The Journal said State Street offers at least four of the funds, which loan the securities of investors and then manage cash collateral received in exchange for the securities with the funds invested in various short-term instruments.

According to the news report, Northern Trust Corp. and Bank of New York Mellon Corp. also have imposed securities lending restrictions.

Heading Off a Redemption Wave

The news report said the securities lending restrictions underscore the continuing scramble by firms with securities-lending programs to head off a potential redemption wave fueled by the frozen credit markets.

Turmoil in the markets has turned what had long been reliable gains from loaning shares into losses and firms that facilitate securities lending “are putting people on notice that they want to discourage any run on the fund,” said Jim Meynard, executive director for the Georgia Firefighters Pension Fund, which is a client of State Street’s securities-lending program, the Journal reported.

Some pension funds are taking steps on their own to defuse their securities lending risks. Bill Atwood, executive director at the Illinois State Board of Investment, which has about $1.6 billion in State Street’s securities-lending program, is shifting those assets into a more conservative State Street collateral fund that invests in government securities or overnight corporate paper.
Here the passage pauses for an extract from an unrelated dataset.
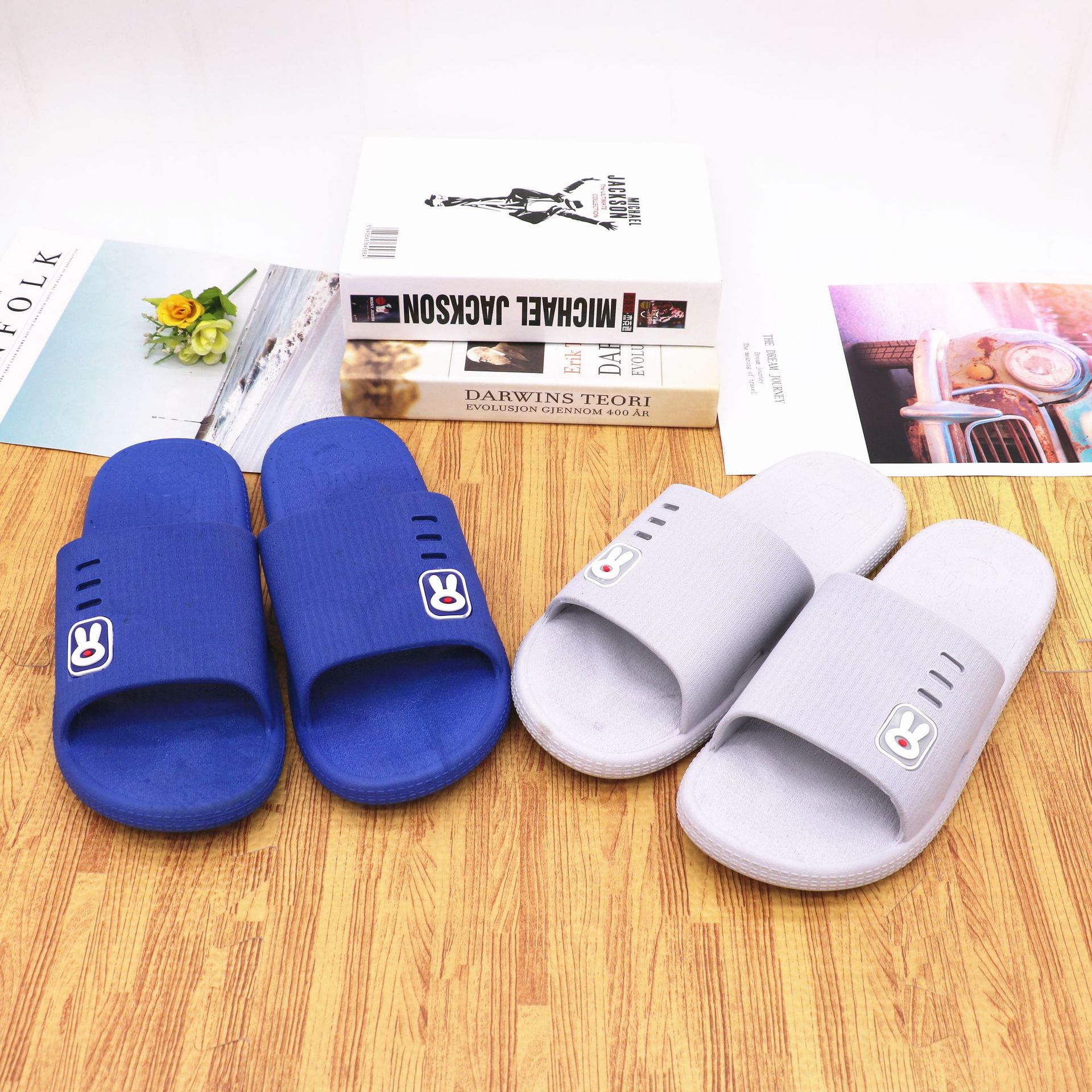 Summer Bathroom Plastic Slippers Men's Wholesale Street Vendor Shoes Soft Bottom Slippers Home Winter Indoor Slippers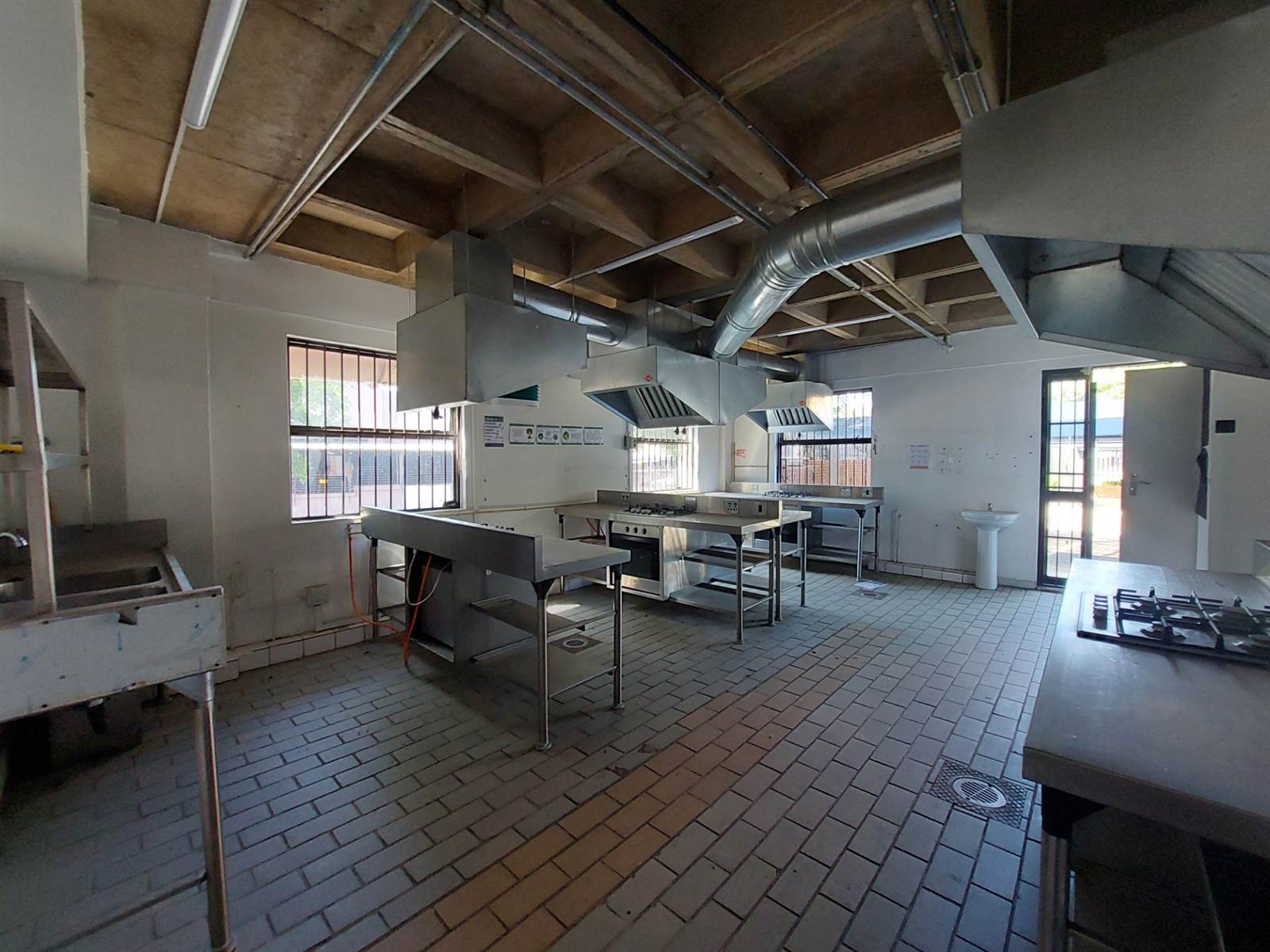 72  m² Commercial space in Centurion CBD photo number 7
Meanwhile, Bank of New York Mellon has said it is taking an after-tax charge of $425 million in the third quarter to pay back clients for losses in several funds. The New York bank says clients are unable to withdraw fully from these accounts, but declined to elaborate.

Northern Trust, of Chicago, is taking a third-quarter after-tax charge of $94 million to pay back investors who lost money in its securities lending program.